§ **The problem**: Retype the data that follows exactly. No pictures belong in the copy.

§ **Data below**:
════════════════════

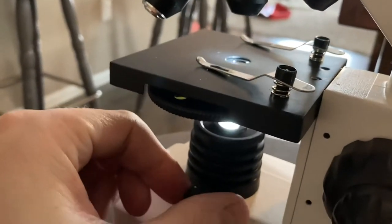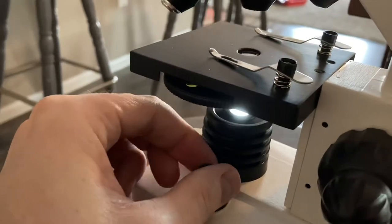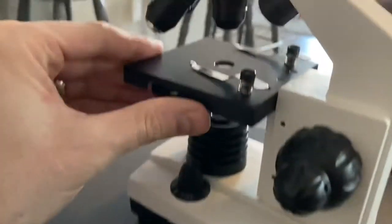It's got a lower LED light and you can adjust the brightness on it, which is a nice feature. I'm not sure under which circumstances you would need less light, but it is there if you need it, controlled with this dial right here.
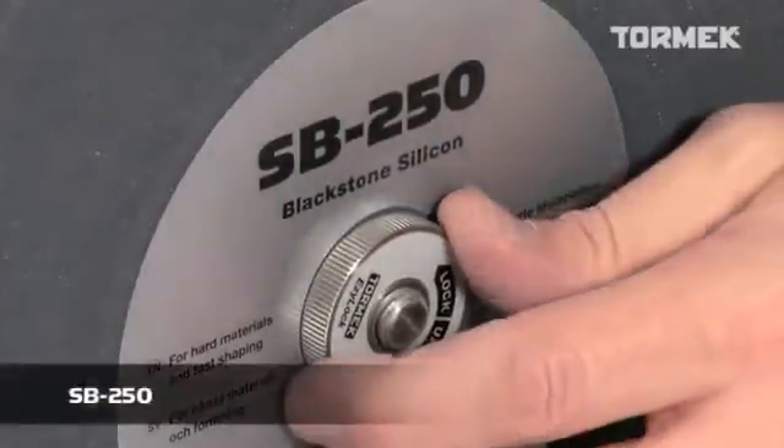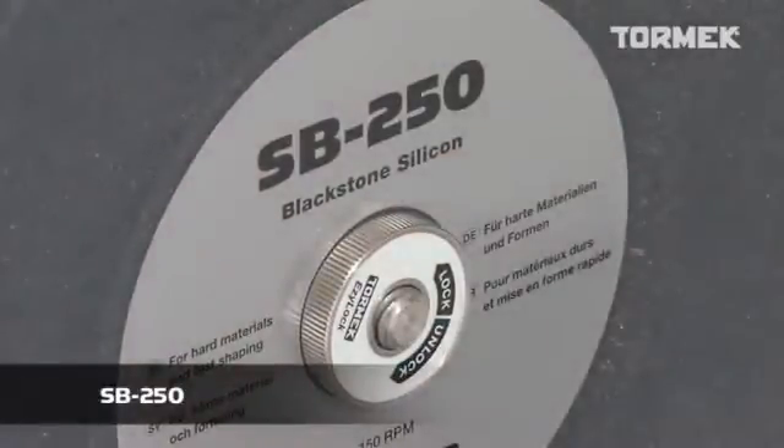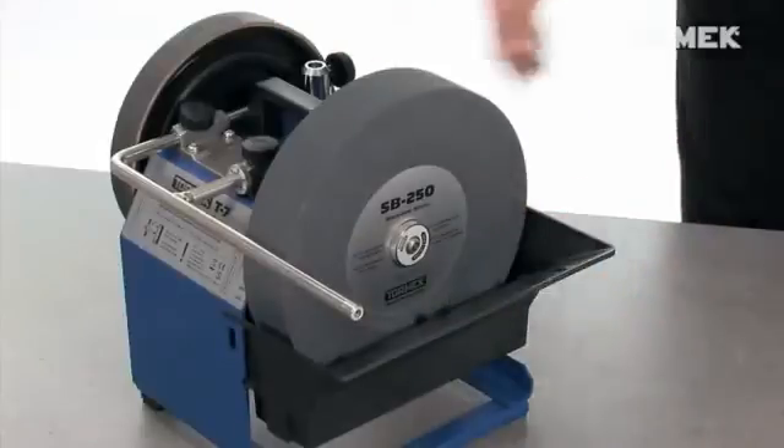The Tormek Blackstone Silicon SB250 has been developed for shaping and sharpening HSS and other exotic alloyed steels. The combination of the hardness, shape and size of the abrasive grains makes the Blackstone cut more quickly than the Tormek original grindstone.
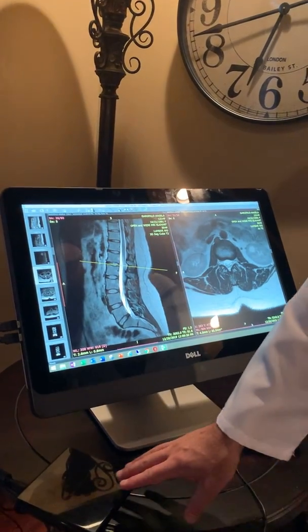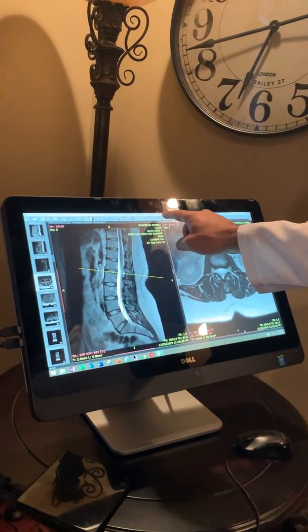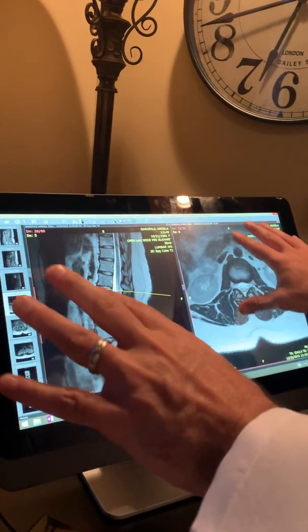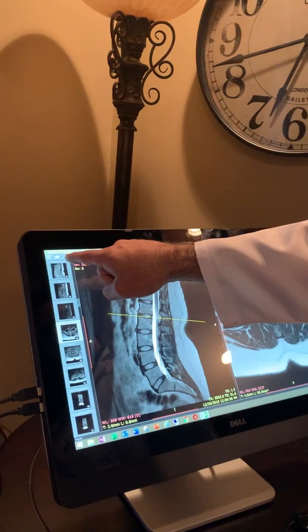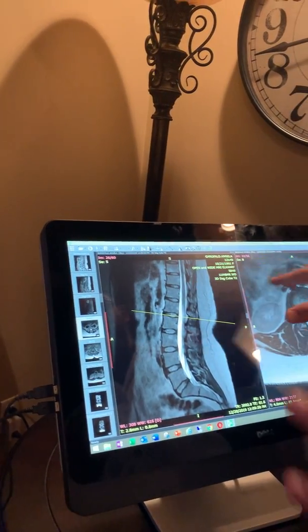First and foremost, we've got her CD here from the MRI company. We've downloaded radiantviewer.com, which is a phenomenal, easy way to look at MRIs. You click on it, it opens up, you put your CD into the computer, and then you hit that button right there which downloads the images. Then we separate our images — I like to look at two.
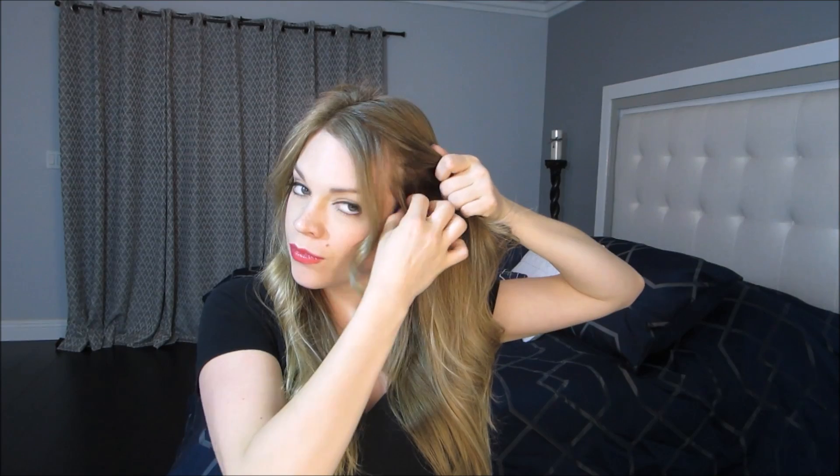Today I will be showing you how to do the fishtail milkmaid braid. This is a super easy braid. I love it because if you're into the whole halo braid, this is much more simple.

════════════════════

§ **Answer box**:
It's got a lower LED light and you can adjust the brightness on it, which is a nice feature. I'm not sure under which circumstances you would need less light, but it is there if you need it, controlled with this dial right here.
The Tormek Blackstone Silicon SB250 has been developed for shaping and sharpening HSS and other exotic alloyed steels. The combination of the hardness, shape and size of the abrasive grains makes the Blackstone cut more quickly than the Tormek original grindstone.
First and foremost, we've got her CD here from the MRI company. We've downloaded radiantviewer.com, which is a phenomenal, easy way to look at MRIs. You click on it, it opens up, you put your CD into the computer, and then you hit that button right there which downloads the images. Then we separate our images — I like to look at two.
Today I will be showing you how to do the fishtail milkmaid braid. This is a super easy braid. I love it because if you're into the whole halo braid, this is much more simple.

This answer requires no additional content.